If a patient is a gBRCA1/2 mutation carrier with PD-L1 CPS ≥ 10 mTNBC, we still prefer to use ICIs first given the consistency of data showing durability of response that is likely to be achieved in the frontline setting with an intact immune system, and confirmed OS benefit [7, 13–15, 41]. There is also a real risk of losing immunotherapy benefit if it is postponed to later lines, whereas PARP inhibitors have PFS benefit even in later-line settings. Although the OlympiAD extended follow-up data indicate an OS benefit in the frontline setting, this analysis was post hoc, which has inherent limitations and lacks statistical power, thus results must be interpreted with caution. Based on the above, it is crucial to obtain information on PD-L1 status for appropriate management in first-line setting with PD-L1 inhibitors. The proposed algorithm in Figure 2 provides a framework for therapy in mTNBC patients who are gBRCA mutation carriers. Of note, a recent Italian BC expert consensus on the management of mTNBC aligns with our viewpoint [42].

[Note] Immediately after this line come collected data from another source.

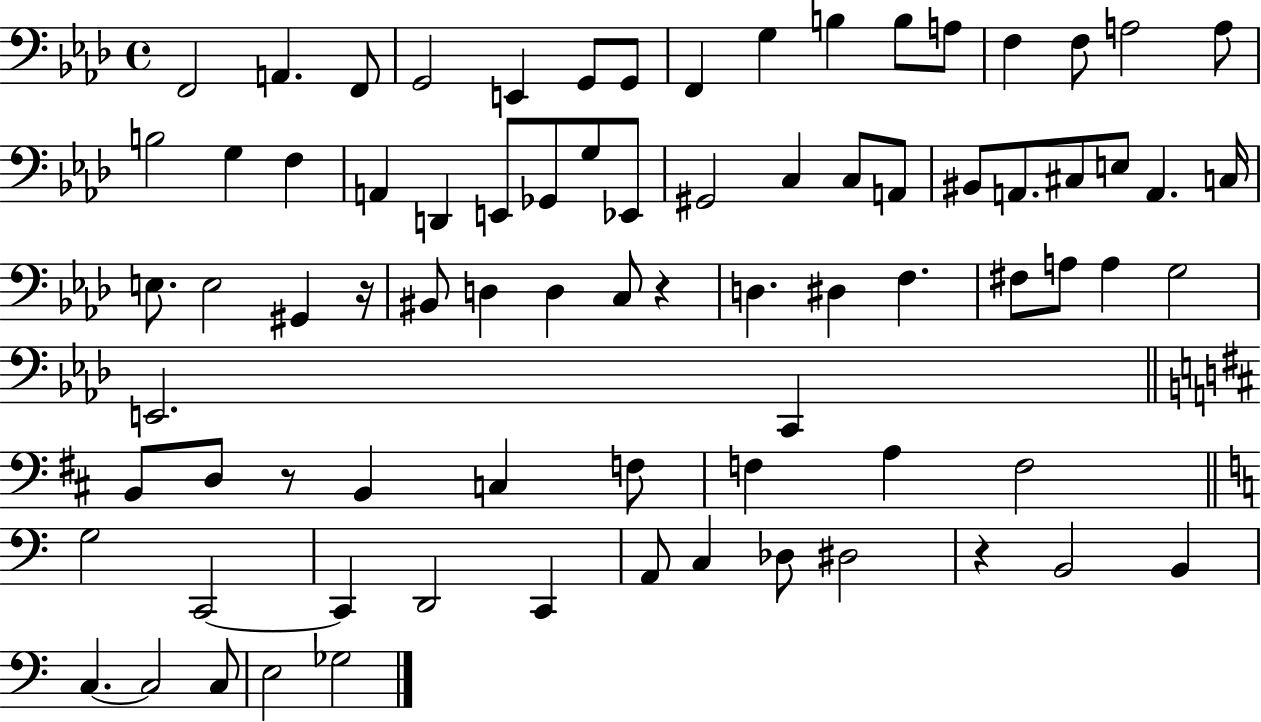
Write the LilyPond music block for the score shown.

{
  \clef bass
  \time 4/4
  \defaultTimeSignature
  \key aes \major
  \repeat volta 2 { f,2 a,4. f,8 | g,2 e,4 g,8 g,8 | f,4 g4 b4 b8 a8 | f4 f8 a2 a8 | \break b2 g4 f4 | a,4 d,4 e,8 ges,8 g8 ees,8 | gis,2 c4 c8 a,8 | bis,8 a,8. cis8 e8 a,4. c16 | \break e8. e2 gis,4 r16 | bis,8 d4 d4 c8 r4 | d4. dis4 f4. | fis8 a8 a4 g2 | \break e,2. c,4 | \bar "||" \break \key d \major b,8 d8 r8 b,4 c4 f8 | f4 a4 f2 | \bar "||" \break \key a \minor g2 c,2~~ | c,4 d,2 c,4 | a,8 c4 des8 dis2 | r4 b,2 b,4 | \break c4.~~ c2 c8 | e2 ges2 | } \bar "|."
}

Finally, treatment decisions should be tailored to each patient’s unique risk of adverse events, preferences, and available treatment resources.

In conclusion, this paper highlights the challenges in selecting frontline treatment for mTNBC patients with gBRCA mutation and emphasizes the need for future trials to directly compare ICIs and PARP inhibitors in this specific patient population. Such trials would provide essential insights to guide clinical decision-making and optimize treatment outcomes.

While Table 1 summarizes practical differences between ICIs and olaparib, we caution the reader that this is not a cross-trial comparison, and the current paper is not intended to conduct any comparative analysis between trials.